◆ WHAT TO DO ◆
Write out the entries below exactly, but only from the line containing "Once the browser" through the line containing "The lesion was", and without the pictures.

◆ STORED DATA ◆
───
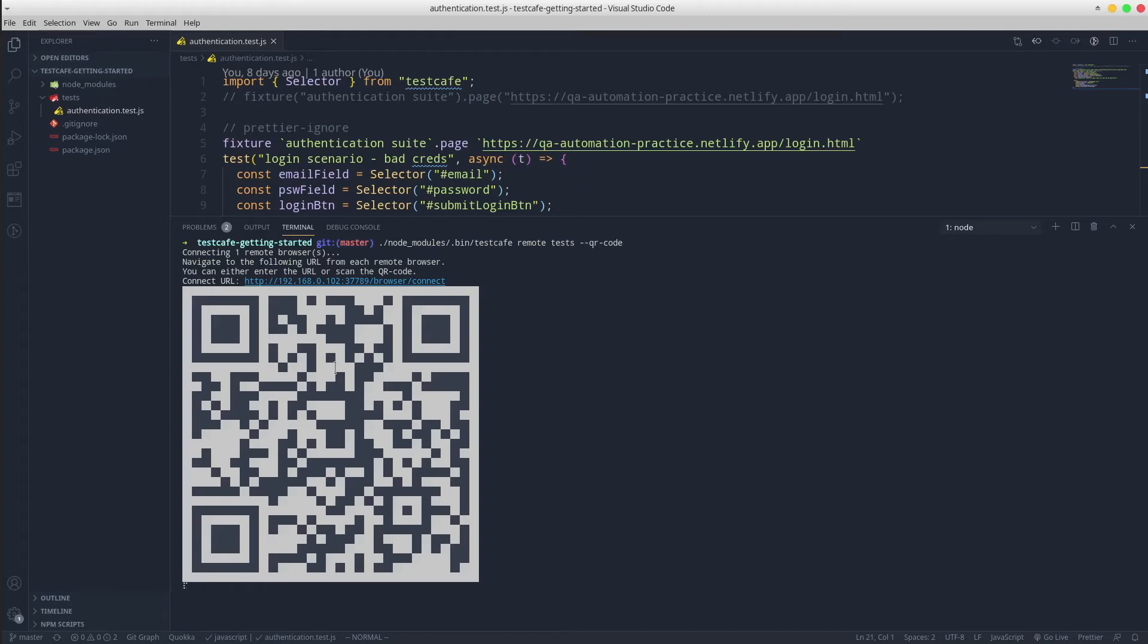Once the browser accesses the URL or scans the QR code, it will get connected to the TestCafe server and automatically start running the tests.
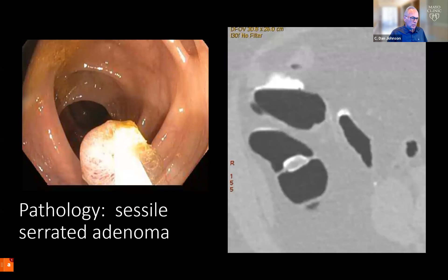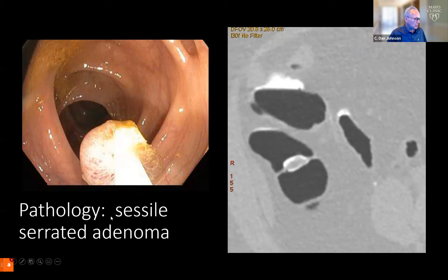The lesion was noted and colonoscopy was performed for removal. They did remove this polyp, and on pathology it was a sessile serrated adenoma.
───
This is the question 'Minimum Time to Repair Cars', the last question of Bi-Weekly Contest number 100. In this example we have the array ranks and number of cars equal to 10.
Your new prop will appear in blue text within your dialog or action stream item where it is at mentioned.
───
◆ OUTPUT OF THE EXERCISE ◆
Once the browser accesses the URL or scans the QR code, it will get connected to the TestCafe server and automatically start running the tests.
The lesion was noted and colonoscopy was performed for removal. They did remove this polyp, and on pathology it was a sessile serrated adenoma.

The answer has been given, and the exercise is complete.